▶ **EXERCISE MATERIAL**:
═══

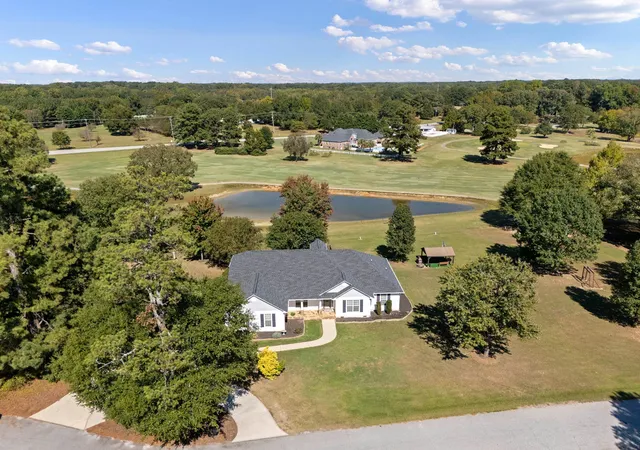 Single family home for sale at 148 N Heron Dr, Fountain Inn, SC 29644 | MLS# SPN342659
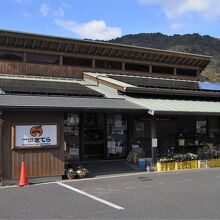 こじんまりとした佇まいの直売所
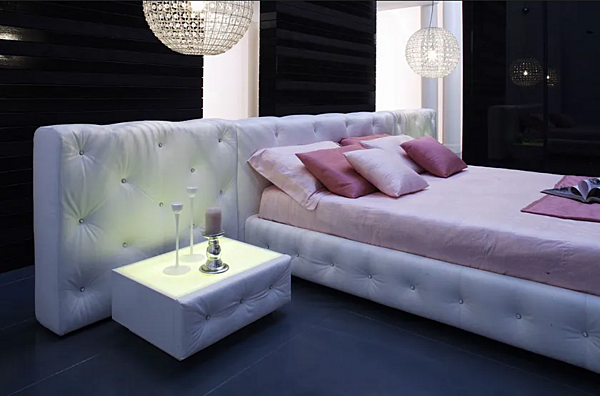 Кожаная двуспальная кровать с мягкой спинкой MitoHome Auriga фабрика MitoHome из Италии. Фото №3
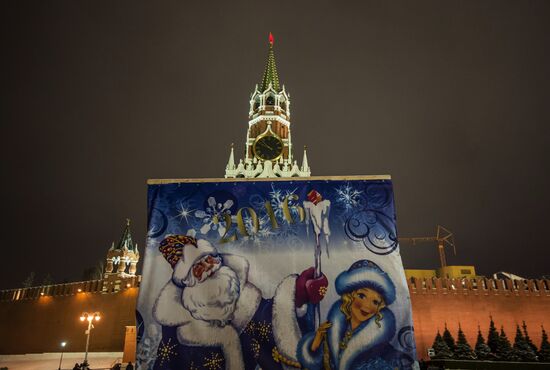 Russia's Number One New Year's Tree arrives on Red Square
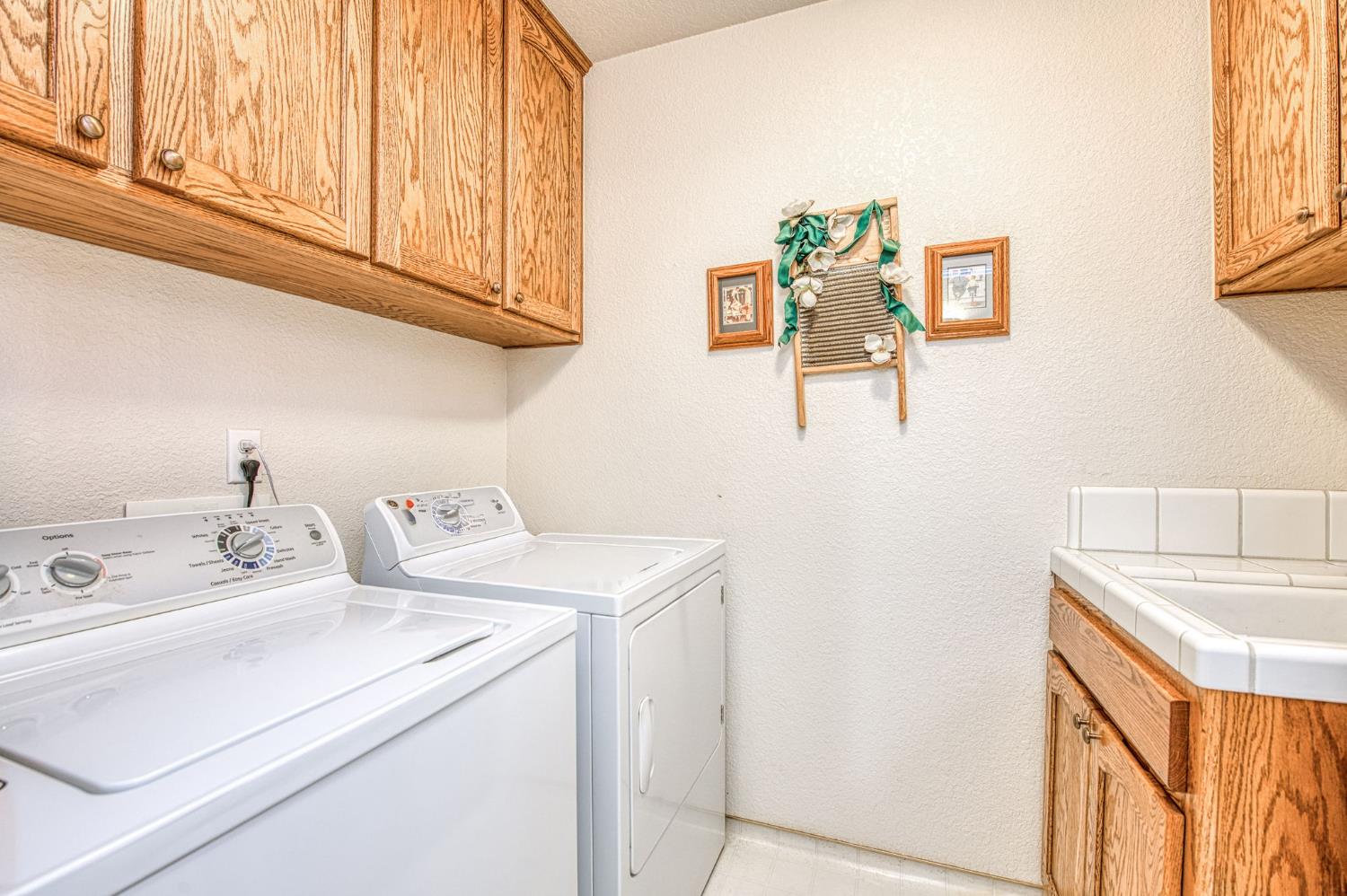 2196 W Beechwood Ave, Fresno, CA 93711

═══

▶ **WORK TO COMPLETE**: Every entry must be retyped exactly, with the pictures removed.

▶ **EXERCISE OUTPUT**:
 Single family home for sale at 148 N Heron Dr, Fountain Inn, SC 29644 | MLS# SPN342659
 こじんまりとした佇まいの直売所
 Кожаная двуспальная кровать с мягкой спинкой MitoHome Auriga фабрика MitoHome из Италии. Фото №3
 Russia's Number One New Year's Tree arrives on Red Square
 2196 W Beechwood Ave, Fresno, CA 93711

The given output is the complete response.